[TASK DESCRIPTION]: Respond with exact copies of the lines running from the line that contains "Used 2024 Chrysler" to the end of the material.

[DATA]:
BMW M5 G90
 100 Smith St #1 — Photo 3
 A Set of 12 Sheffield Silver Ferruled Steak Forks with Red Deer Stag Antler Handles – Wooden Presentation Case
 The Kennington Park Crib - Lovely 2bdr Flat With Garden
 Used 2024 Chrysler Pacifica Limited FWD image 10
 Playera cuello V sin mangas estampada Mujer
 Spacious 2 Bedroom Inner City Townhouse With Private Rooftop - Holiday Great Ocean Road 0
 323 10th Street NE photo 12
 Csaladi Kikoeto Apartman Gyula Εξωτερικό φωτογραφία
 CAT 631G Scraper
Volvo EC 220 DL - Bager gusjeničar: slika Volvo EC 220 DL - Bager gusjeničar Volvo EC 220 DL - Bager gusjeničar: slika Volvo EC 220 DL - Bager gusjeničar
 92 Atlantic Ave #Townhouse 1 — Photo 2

[REPLY]:
 Used 2024 Chrysler Pacifica Limited FWD image 10
 Playera cuello V sin mangas estampada Mujer
 Spacious 2 Bedroom Inner City Townhouse With Private Rooftop - Holiday Great Ocean Road 0
 323 10th Street NE photo 12
 Csaladi Kikoeto Apartman Gyula Εξωτερικό φωτογραφία
 CAT 631G Scraper
Volvo EC 220 DL - Bager gusjeničar: slika Volvo EC 220 DL - Bager gusjeničar Volvo EC 220 DL - Bager gusjeničar: slika Volvo EC 220 DL - Bager gusjeničar
 92 Atlantic Ave #Townhouse 1 — Photo 2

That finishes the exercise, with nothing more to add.